Adultery often leads to divorce. Whether you were the straying or non-straying partner, infidelity may still affect your divorce in ways you did not intend.
The No-Fault Divorce.
For years, someone who was stuck in an unhappy marriage had to state grounds for getting a divorce. Abuse, desertion, and adultery were commonly cited by a party when filing divorce papers. The divorce petitioner may have had to provide proof to back up their reasons for ending the marriage.
Now, no-fault divorce is available in California. A petitioner filing for a no-fault divorce doesn’t have to say who was at fault or what happened. You just have to say you want to end the marriage.
It’s Not Illegal, but There May Be Consequences.
Adultery is not against the law, so you won’t be arrested for having an affair. However, straying from the marriage can make things difficult for the adulterous spouse:
- Alimony and Spousal Support. A court may consider a party’s adultery while determining alimony and spousal support. The amount of support ordered won’t be based on morality, but instead on how the adultery may have affected the innocent spouse’s financial wellbeing.

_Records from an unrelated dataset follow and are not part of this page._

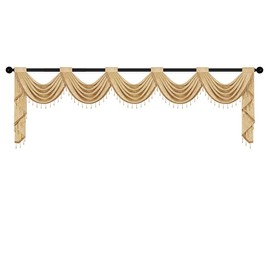 ELKCA Luxury Gold Chenille Waterfall Valance for Living Room 5 Hollow Swags Curtain Valance for Bedroom Big Window Curtains,Rod Pocket,1 Panel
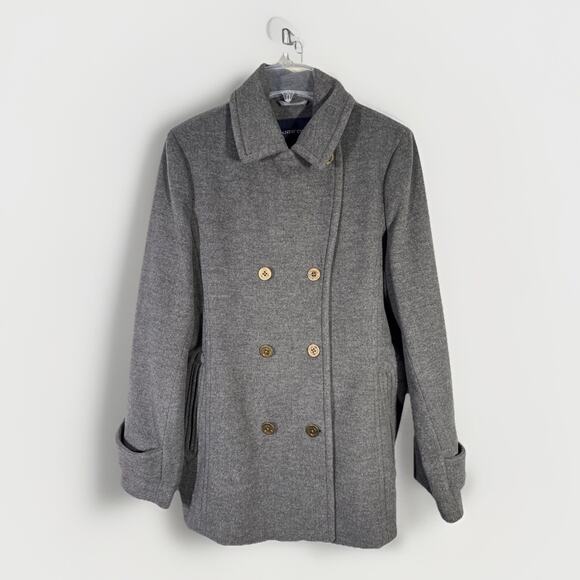 Lands End Women's 16T Luxe Wool Pea Coat Medium Heather Gray - Picture 1 of 8
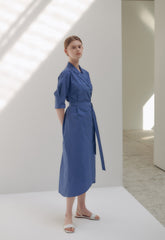Elegant Wrap Midi Dress in Breathable Pure Linen with Belted Waist and Notched Collar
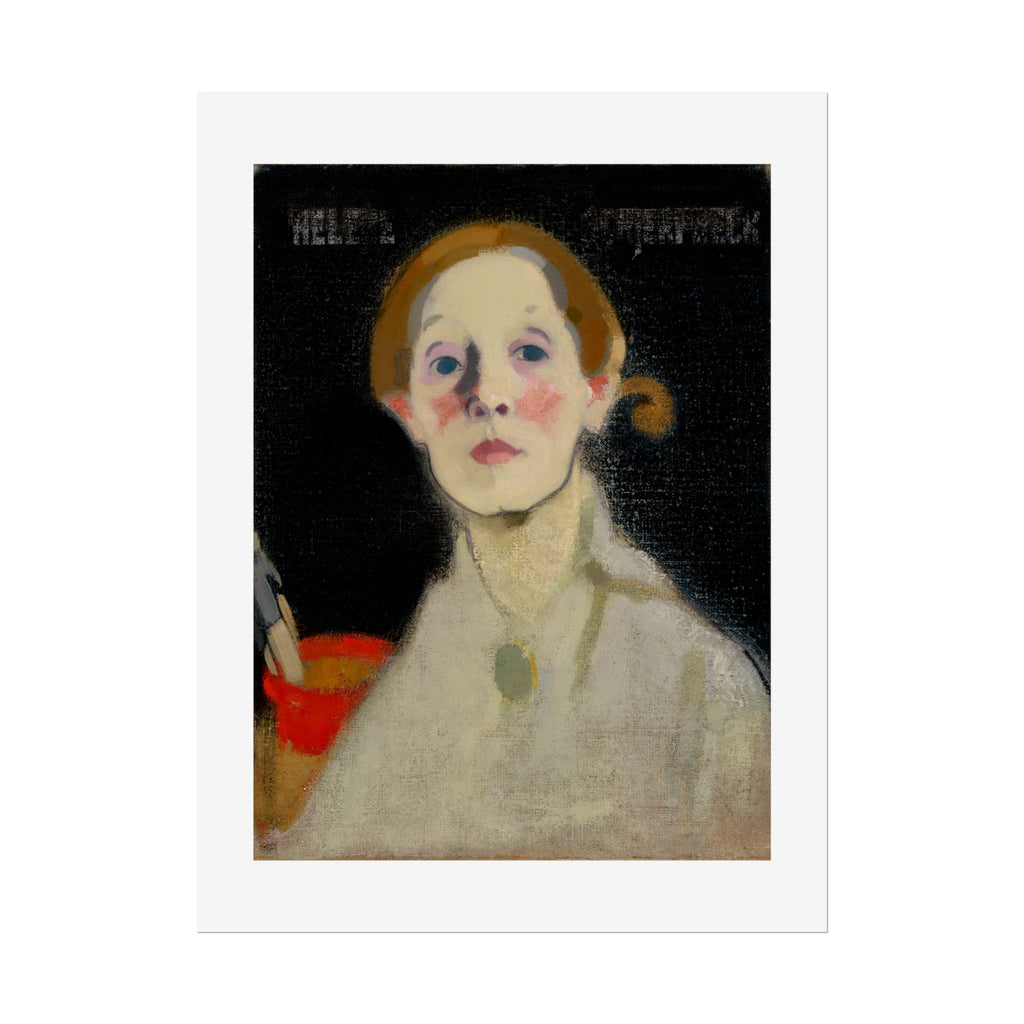Self-Portrait Black Background by Helene Schjerfbeck Wall Art Print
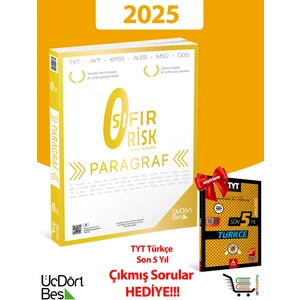 345 Paragraf Sıfır Risk 2025 Model Son 5 Yıl Tyt Türkçe Çıkmış Sorular Hediyeli!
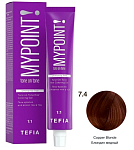 7,4 Гель-краска для волос блондин медный Tone On Tone Hair Coloring Tefia 60 мл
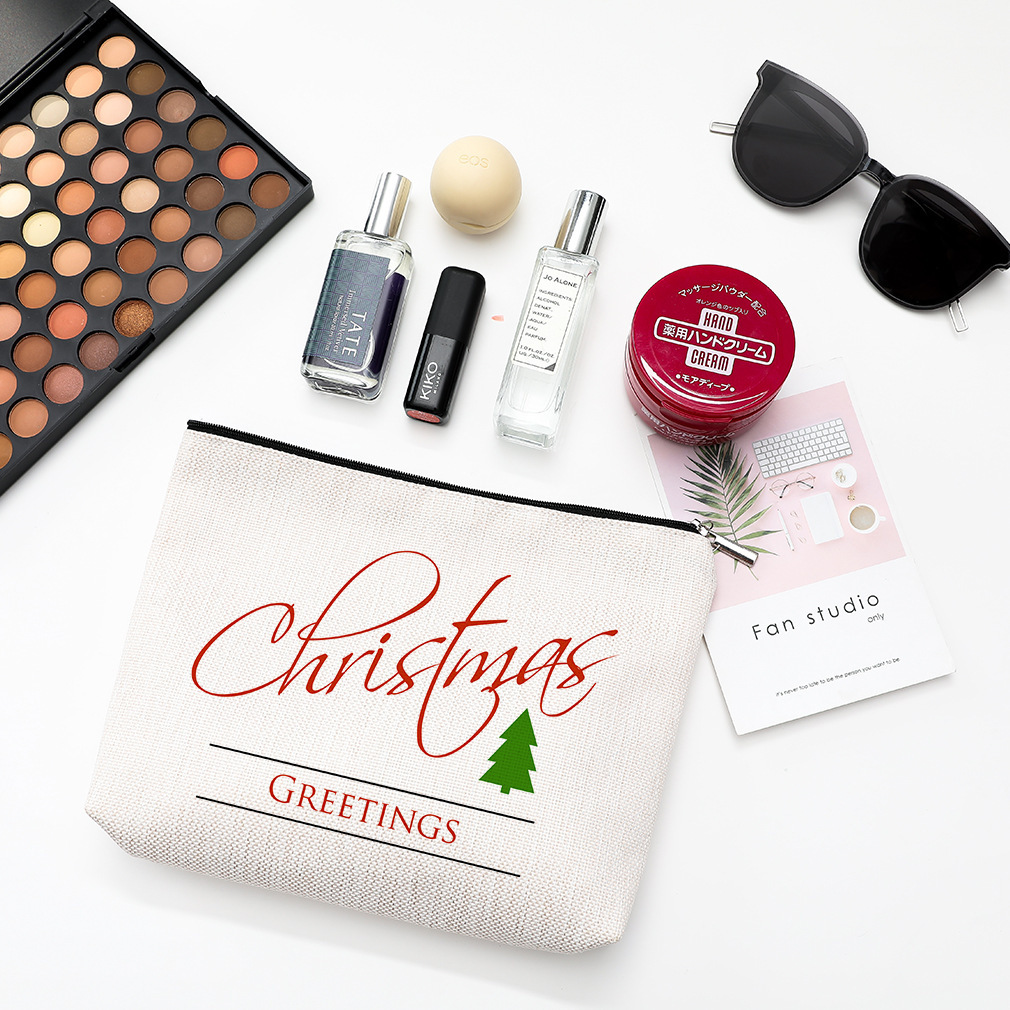 Bolsa de Almacenamiento de Cosméticos y Joyas de Algodón y Lino con Cierre y Estampado de Corazón para Navidad, de Amazon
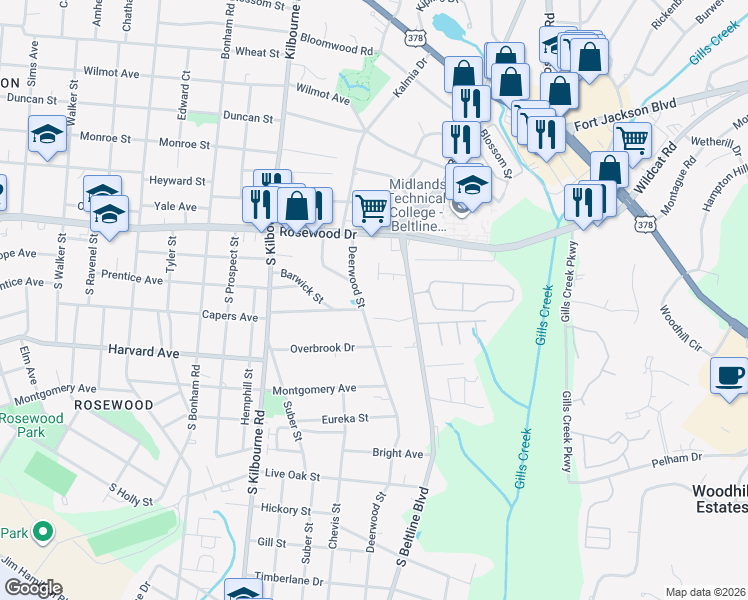 map of restaurants, bars, coffee shops, grocery stores, and more near 402 South Beltline Boulevard in Columbia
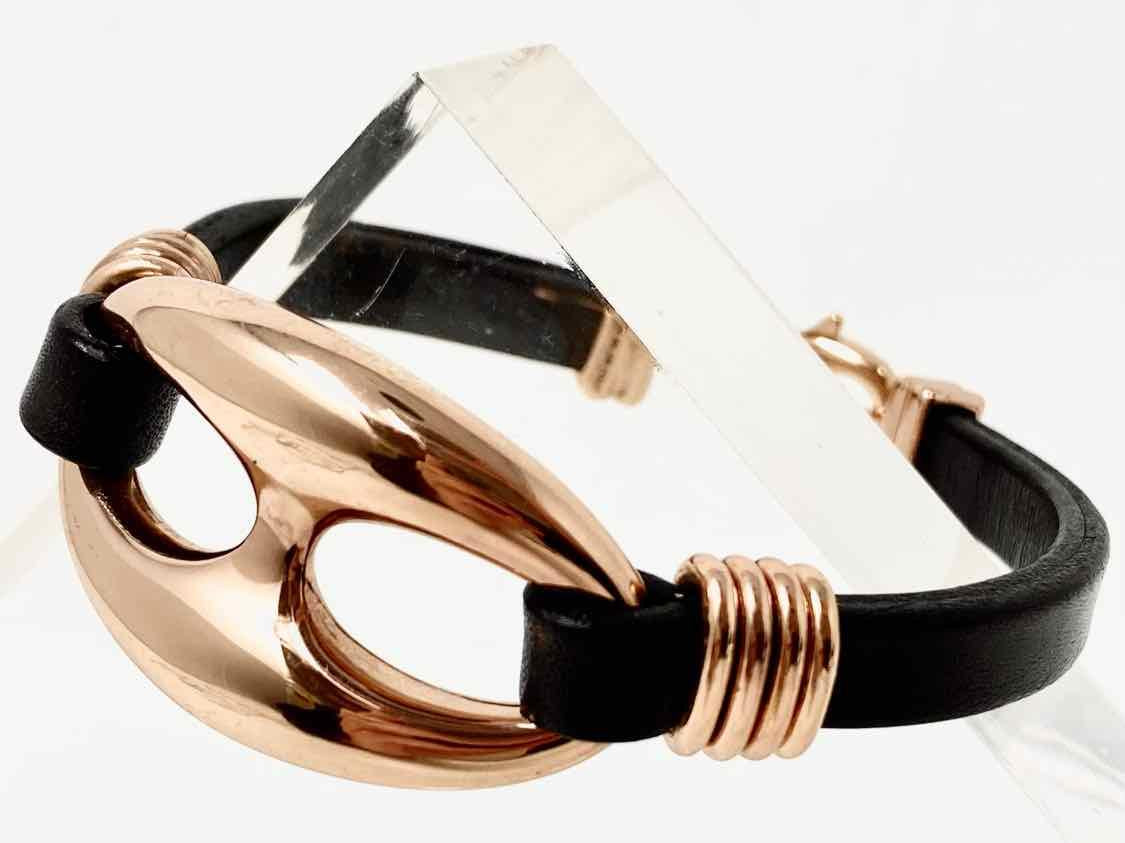 Italy Bronze Black/Rose Gold 8 in Cowhide Bracelet - Article Consignment
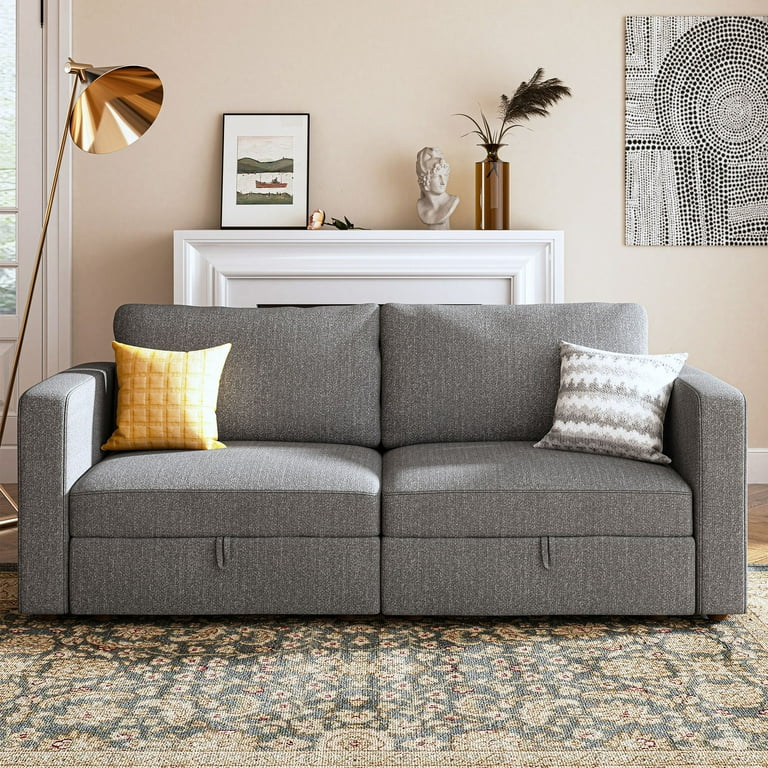 HONBAY Modern Sectional Loveseat with Double Chaise and Storage Seats Light Grey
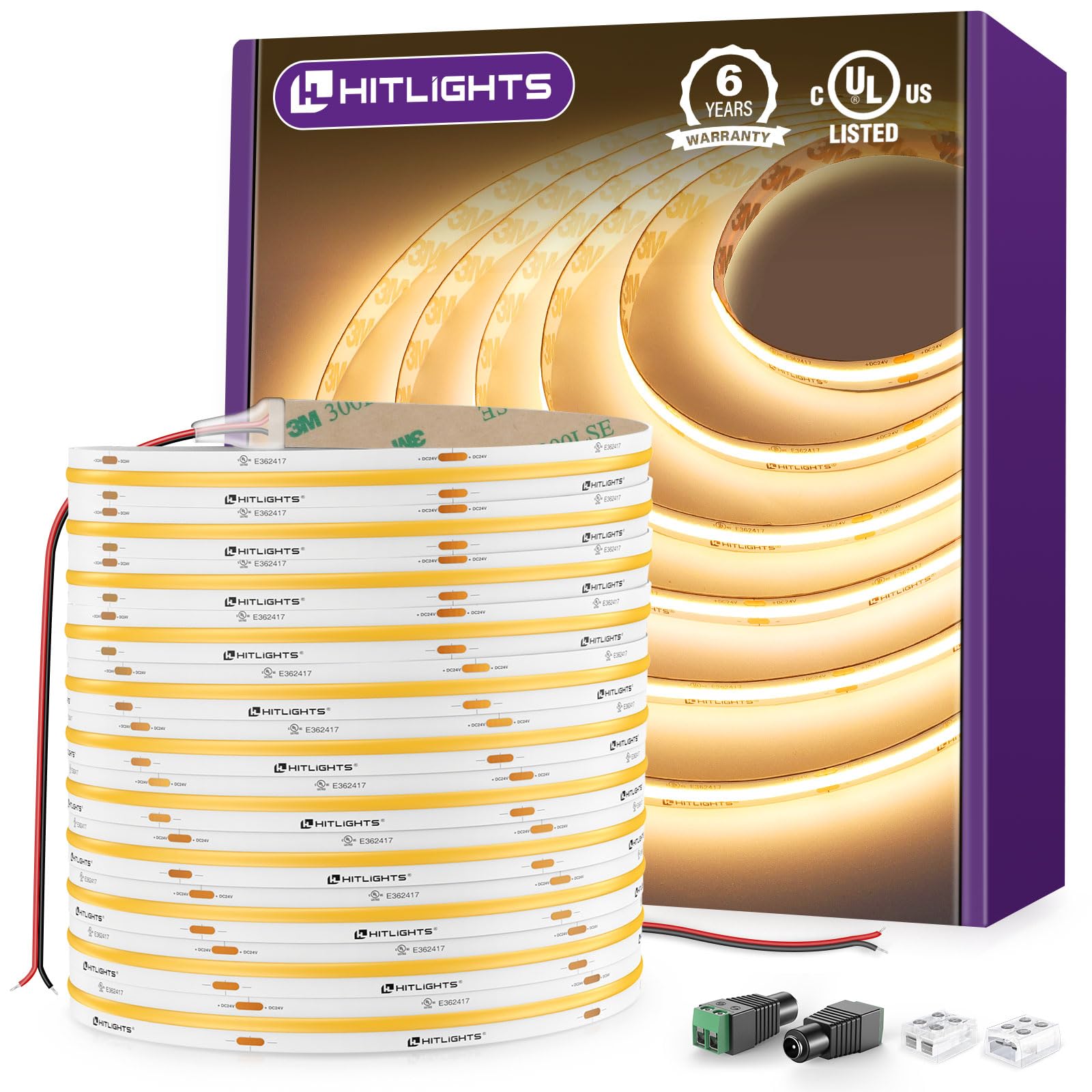 HitLights COB LED Strip Lights Warm White 3000K, 32.8ft Premium High Density 24V Tape Light, 5120 LEDs, 350+ LM/FT, CRI 90+, IP3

- Custody. Adultery typically has more of an immediate effect on a person’s relationship with their spouse than their relationship with their children. Still, the strain on the marital relationship will cause discomfort for everyone involved. However, courts typically only consider the infidelity’s effect if children are being put in danger by the affair.
- Property Distribution. California is a community property state and community property is typically split 50-50. However, if one spouse uses community funds to pay for his or her infidelity, the other spouse may be entitled to restitution from the offending spouse’s share of the marital estate.
- Negotiations. The adulterous spouse may feel ashamed or guilty. The injured spouse may feel angry and want revenge. Emotions can add an extra level of stress to delicate negotiations.